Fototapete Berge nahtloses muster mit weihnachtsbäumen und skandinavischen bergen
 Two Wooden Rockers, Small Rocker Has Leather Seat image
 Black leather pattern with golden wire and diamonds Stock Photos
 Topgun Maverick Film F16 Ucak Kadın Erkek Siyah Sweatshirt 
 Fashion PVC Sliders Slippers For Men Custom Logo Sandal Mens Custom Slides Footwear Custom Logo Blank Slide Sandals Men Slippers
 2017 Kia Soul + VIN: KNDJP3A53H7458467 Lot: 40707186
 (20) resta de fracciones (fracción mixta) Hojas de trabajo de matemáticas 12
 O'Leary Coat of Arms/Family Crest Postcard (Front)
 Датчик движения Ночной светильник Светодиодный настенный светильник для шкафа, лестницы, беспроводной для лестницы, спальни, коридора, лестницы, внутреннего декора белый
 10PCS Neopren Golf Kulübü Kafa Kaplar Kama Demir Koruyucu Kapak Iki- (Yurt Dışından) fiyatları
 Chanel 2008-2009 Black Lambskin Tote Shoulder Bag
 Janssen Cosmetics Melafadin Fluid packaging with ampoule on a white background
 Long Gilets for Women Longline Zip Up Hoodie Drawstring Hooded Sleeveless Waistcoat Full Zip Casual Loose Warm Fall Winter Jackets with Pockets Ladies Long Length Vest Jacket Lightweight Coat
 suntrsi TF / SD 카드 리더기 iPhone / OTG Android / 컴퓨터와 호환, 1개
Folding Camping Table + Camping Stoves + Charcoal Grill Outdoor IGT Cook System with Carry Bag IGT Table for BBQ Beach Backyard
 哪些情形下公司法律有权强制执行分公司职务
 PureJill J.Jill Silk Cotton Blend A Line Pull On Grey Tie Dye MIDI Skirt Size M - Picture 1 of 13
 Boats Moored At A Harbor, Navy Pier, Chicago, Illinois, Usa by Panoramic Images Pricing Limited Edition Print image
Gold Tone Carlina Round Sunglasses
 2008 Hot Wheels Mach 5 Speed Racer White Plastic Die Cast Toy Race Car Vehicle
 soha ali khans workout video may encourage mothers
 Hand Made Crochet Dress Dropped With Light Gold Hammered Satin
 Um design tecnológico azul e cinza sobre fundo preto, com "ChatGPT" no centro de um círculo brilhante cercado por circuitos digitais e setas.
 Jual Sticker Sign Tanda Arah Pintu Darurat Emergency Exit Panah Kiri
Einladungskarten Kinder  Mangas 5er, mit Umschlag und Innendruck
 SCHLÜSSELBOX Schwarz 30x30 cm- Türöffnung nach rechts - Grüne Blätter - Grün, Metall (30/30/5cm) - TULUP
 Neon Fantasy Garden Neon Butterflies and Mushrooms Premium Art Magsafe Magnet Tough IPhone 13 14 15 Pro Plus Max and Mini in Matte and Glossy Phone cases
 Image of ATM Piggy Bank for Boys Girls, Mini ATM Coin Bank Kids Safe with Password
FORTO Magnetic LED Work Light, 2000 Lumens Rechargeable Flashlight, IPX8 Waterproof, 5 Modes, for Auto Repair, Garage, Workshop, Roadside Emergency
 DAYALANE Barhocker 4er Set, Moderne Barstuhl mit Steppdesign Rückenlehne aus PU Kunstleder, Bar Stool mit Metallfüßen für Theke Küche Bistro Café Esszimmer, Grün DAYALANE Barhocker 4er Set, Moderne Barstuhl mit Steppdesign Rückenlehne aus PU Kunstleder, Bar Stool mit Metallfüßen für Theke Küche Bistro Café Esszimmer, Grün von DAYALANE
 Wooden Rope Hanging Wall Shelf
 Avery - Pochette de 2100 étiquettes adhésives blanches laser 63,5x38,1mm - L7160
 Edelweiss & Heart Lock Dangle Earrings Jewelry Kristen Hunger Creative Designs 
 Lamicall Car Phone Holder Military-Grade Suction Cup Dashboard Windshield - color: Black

_What needs to be done_
Stop at the line containing "(20) resta de". Please print exactly every line before it from the start of the records, plus that line itself, and nothing else.

_The answer_
Fototapete Berge nahtloses muster mit weihnachtsbäumen und skandinavischen bergen
 Two Wooden Rockers, Small Rocker Has Leather Seat image
 Black leather pattern with golden wire and diamonds Stock Photos
 Topgun Maverick Film F16 Ucak Kadın Erkek Siyah Sweatshirt 
 Fashion PVC Sliders Slippers For Men Custom Logo Sandal Mens Custom Slides Footwear Custom Logo Blank Slide Sandals Men Slippers
 2017 Kia Soul + VIN: KNDJP3A53H7458467 Lot: 40707186
 (20) resta de fracciones (fracción mixta) Hojas de trabajo de matemáticas 12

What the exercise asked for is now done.